■ **Your task**:
In the lines below, output everything from the first line through the line containing "Assorted truffles in" exactly as it is. Pictures are not part of the output.

■ **Supplied material**:

+---+

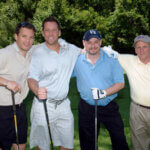 golfers holding clubs and posing for picture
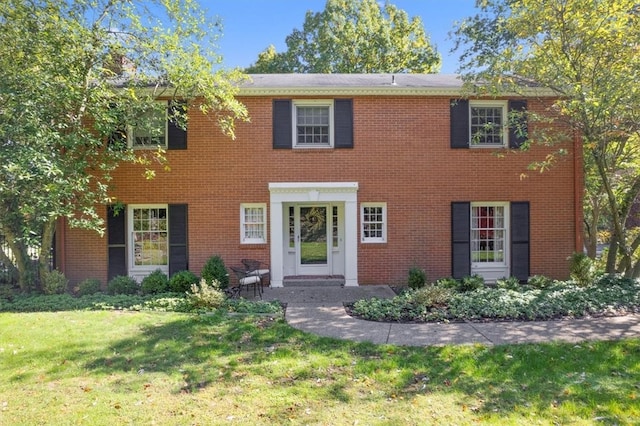 colonial-style house with a front yard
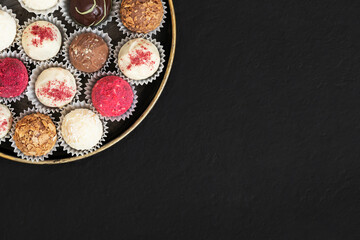 Assorted truffles in a plate on a black background. Homemade candies or energy balls with dried fruits and chocolate. Superfood. Copy space, top view, flat lay.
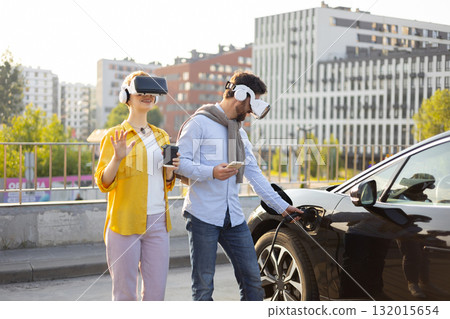 A couple wearing VR headsets while one charges an electric vehicle in an urban setting. A couple wearing VR headsets while one charges an electric vehicle in an urban setting. 132015654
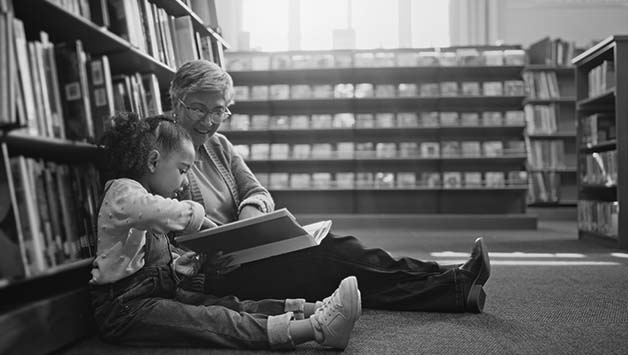 senior woman sitting and reading with child in library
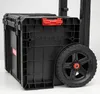 A close-up view of a black rolling tool cart with a red latch. Anteprima dell’immagine prodotto
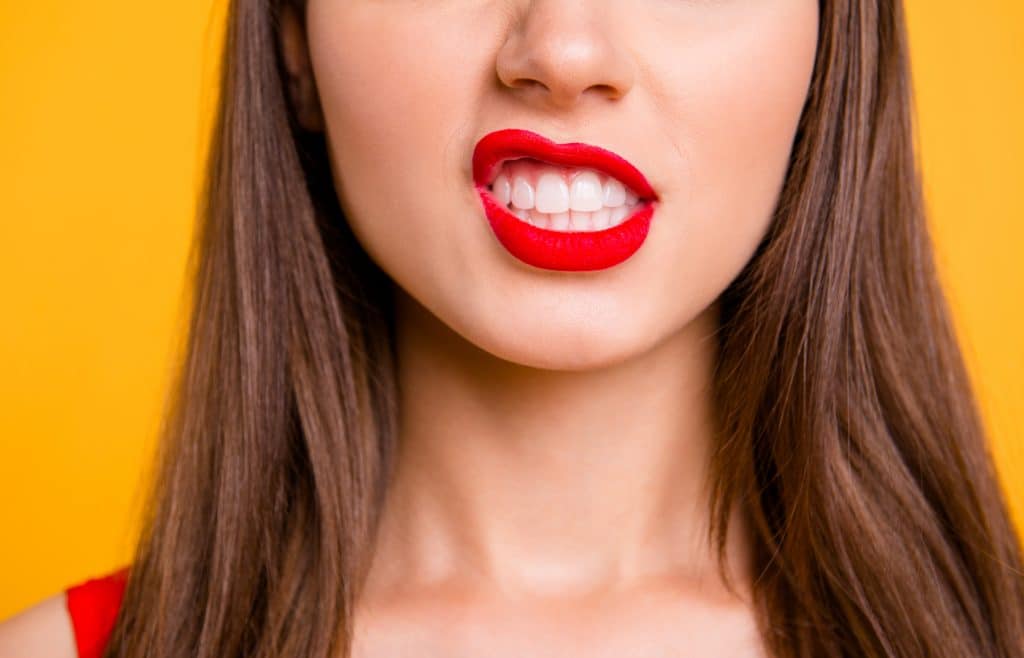 Close up cropped photo of big full natural lips brunette hair isolated on vivid yellow background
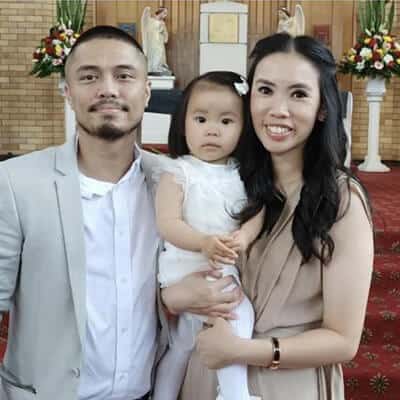 A family of three smiling inside a church; a man, a woman holding a toddler, all dressed in semi-formal attire.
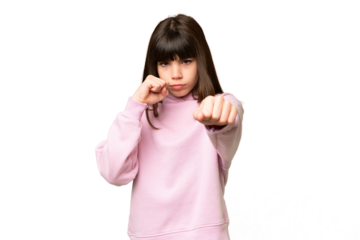 Little girl over isolated green chroma key background with fighting gesture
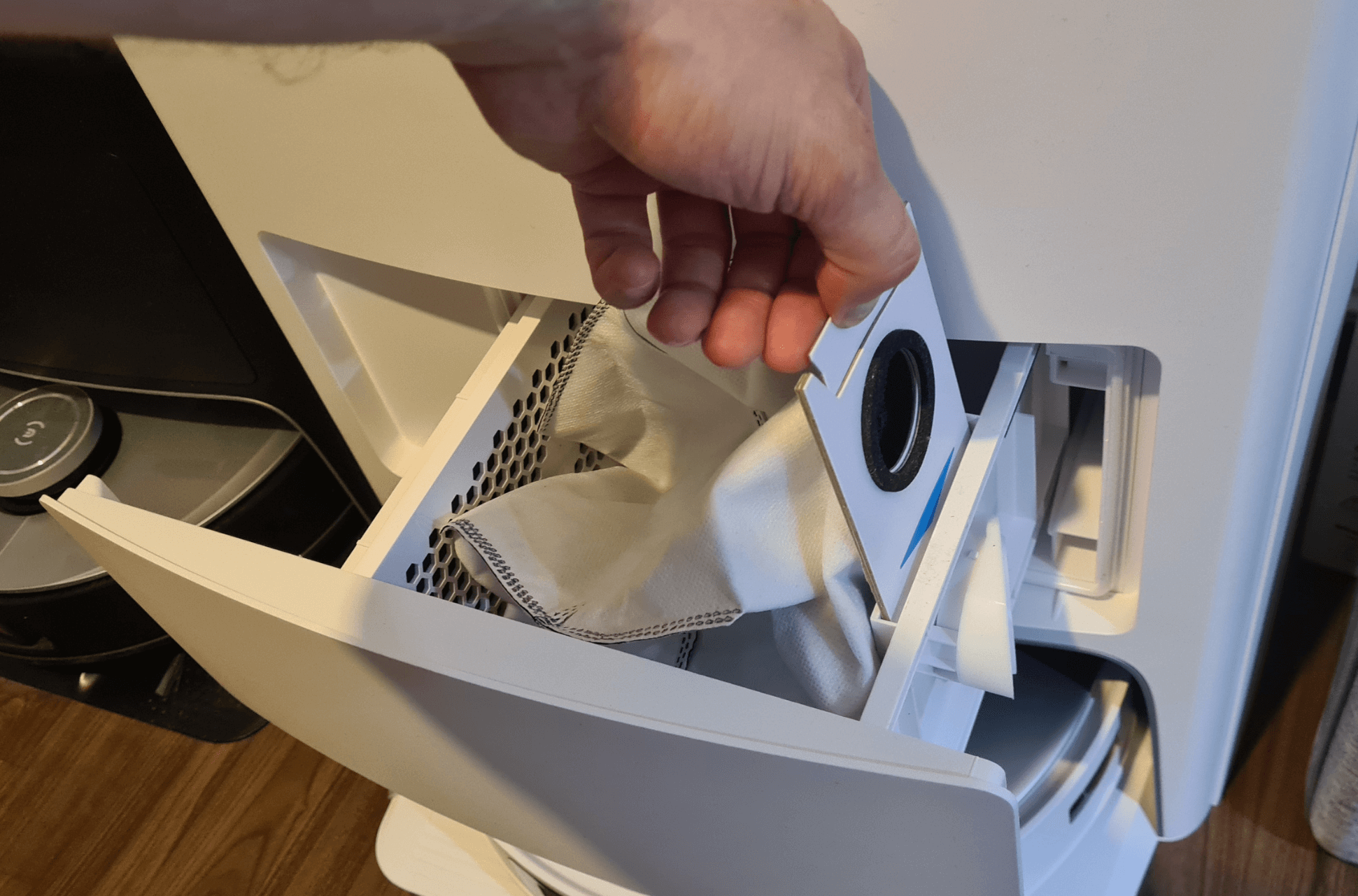 Der Einwegbeutel in der Absaugstation eines Saugroboters wird ausgetauscht.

+---+

■ **Your response**:
 golfers holding clubs and posing for picture
 colonial-style house with a front yard
 Assorted truffles in a plate on a black background. Homemade candies or energy balls with dried fruits and chocolate. Superfood. Copy space, top view, flat lay.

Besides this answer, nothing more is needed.